More of my friends are breeding. It's like they have some instinctive compulsion or something. I'll have to write a full essay later on, explaining all the reasons this is a bad idea, but in summary: Too Many People Already, and also End of Bachelor Freedom. Of course, nobody listens to me. At the same time, I am quite keen to do my bit for those excess kids who have been forced upon the world by the breeding-mad, as a person who actually exists is a very different ethical entity to one who may only potentially exist. Unfortunately, by waiting for full existence to be confirmed, I tend to miss out on some of the more fun things, like name-picking. It's also possible that some parents get confused by my sudden post-natal flip in attitude, which may alienate me a bit too.

Inappropriate Touches on Short People
I'm quite excited about The Hobbit movies. The Lord of the Rings movies were a breathe of fresh fantasy air when they came out (the first one over 10 years ago! How old am I!?), but I've always felt The Hobbit was the better, more interesting story. I'm generally opposed to Hollywood's re-hash madness, and haven't watched a recently released movie in ages as a result of my re-hash boycott. But The Hobbit is one that may actually be more than worthwhile. There's not much that can be judged from the initial trailer alone, but I reckon it'll be alright. The one thing that really bugs me, though, is that they've fucked with the dwarf beards. Reading The Hobbit back in grade 8 English is the whole reason I chose to play a dwarf army in Warhammer, and their beards, both in that game and in the Tolkien book, are a major point of focus. It's made completely clear that they're supposed to have massive great big fuck-off beards, much as Gimli was given in the Lord of the Rings. So long, they had to be tied in knots and tucked into belts, was Tolkien's description. But instead, it seems the new dwarf look is a bunch of frizzy little gnome-whiskers, and Thorin Oakenshield himself barely has a beard at all! It's madness, and I will not stand for it, much.

I assume it was done so that racist, dwarf-hatin' audiences could tell them apart more easily, but A.) Only fans are going to care which is Fili and which is Kili, and 2.) speaking as a sculptor and painter of Warhammer dwarves smaller than 5th distal phalanx, you can totally make dozens of dwarves with similar massive beards look very different from each other. It's mainly in the eyes and noses, though clothing differences help too.

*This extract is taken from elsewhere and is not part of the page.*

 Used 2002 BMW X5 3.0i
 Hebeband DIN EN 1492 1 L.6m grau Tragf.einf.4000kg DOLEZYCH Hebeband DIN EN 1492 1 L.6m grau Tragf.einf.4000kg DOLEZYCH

Mysterious Difficulty Finding Employment
I've known for well over a year that I need to find a new job. Tutoring just never pays enough for a fully independent lifestyle. I've sent off a few CVs, but I think a lot of the problem has to do with how uncertain I feel about my chosen academic field, Development studies. It's not that I regret studying it, but that there seems to be a massive gap between what I was hoping to do with it, and what the world will allow me to do with it. The job ads seem to fall into two neat piles, the drudgery work (reception, fund raising), and the interesting stuff (planning and management, the shit I actually studied), and I'm stuck in an awkward spot between the two, over-qualified and under-excited about the drudge pile, and under-qualified for the interesting pile, almost all of which demands a master's degree and 5 years experience, minimum. And sure, I'm working on the master's (got 2 pages of my proposal written up this weekend!), but how the hell does anyone get a foot in the door in this business?